La municipalité parisienne l'avait annoncé. Alors que 47 procédures judiciaires sont désormais engagées contre les «dark stores» – ces entrepôts d'où sont livrés des produits de supermarché en un temps record – les premières amendes ont commencé à tomber ce mercredi 28 septembre.
Cette semaine, les toutes premières amendes ont été envoyées aux «dark stores» parisiens qui ne respectent pas le Plan local d'urbanisme (PLU), c'est-à-dire qui se seraient installés illégalement dans des locaux commerciaux. C'est le fruit d'un travail initié il y a près d'un an par la municipalité parisienne, qui a «dès l'apparition du phénomène» souhaité lutter contre la prolifération de ces entrepôts aux pieds des immeubles parisiens.

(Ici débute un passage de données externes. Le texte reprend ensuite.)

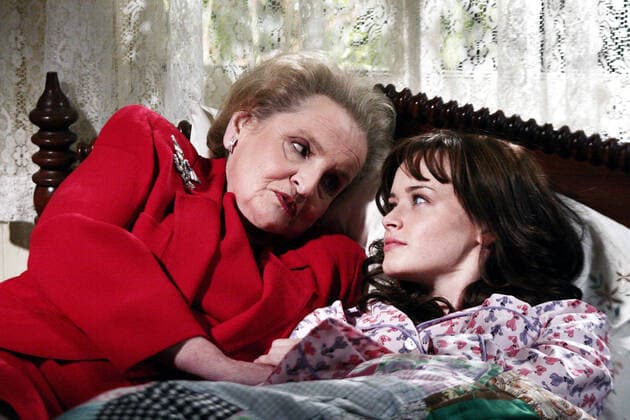 GILMORE GIRLS, Madeleine Albright, Alexis Bledel, Twenty-One is the Loneliest Number , (Season 6, aired October 25, 2005), 2000-2007, photo: Scott Garfield Warner Bros. Everett Collection Warner Bros Courtesy Everett Collection !ACHTUNG AUFNAHMEDATUM GESCHÃ„TZT! PUBLICATIONXNOTxINxCANxCHNxFRAxITAxJPNxNORxPOLxRUSxESPxUKxUSA Copyright: xWarnerxBros CourtesyxEverettxCollectionx TCDGIGI EC088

La concrétisation d'un processus très long
Au total, «47 procédures judiciaires ont été engagées» contre autant de «dark stores» jugés illégaux par la municipalité, «dont 24 sont en cours [de traitement]», nous apprend ce mercredi Emmanuel Grégoire. Celui qui n'est autre que le premier adjoint à la mairie de Paris chargé de l'urbanisme explique que c'est la concrétisation d'un processus très long lancé au début de l'année 2022 qui portait «deux objectifs : déclencher une procédure judiciaire d’infraction au Code de l’urbanisme et établir un procès-verbal».

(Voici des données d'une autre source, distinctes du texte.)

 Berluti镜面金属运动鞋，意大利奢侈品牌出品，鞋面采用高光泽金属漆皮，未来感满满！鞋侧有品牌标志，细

Concrètement, cela signifie que les toutes premières lettres recommandées faisant état d'un procès-verbal ont été envoyées aux «dark stores» jugés illégaux : en l'occurence à deux entrepôts Flink, situés l'un au 38/40 rue Le Peletier (9e) et l'autre au 28 rue Brunel (17e), et pour lesquels le groupe allemand sera astreint à payer une amende de «200 euros par jour» pour chacune de ces deux adresses, à compter de la date de signature du recommandé.
Des amendes – appelées «astreintes administratives» – qui doivent également être envoyées cette semaine à deux autres «dark stores», l'un appartenant au groupe français Frichti situé au 27 rue de la Vistule (13e) et l'autre au groupe allemand Cajoo (racheté en mai 2022 par son concurrent allemand Flink) situé au 56/58, rue Rémy Dumoncel (14e), astreints eux aussi à payer des amendes d'«au moins 200 euros par jour».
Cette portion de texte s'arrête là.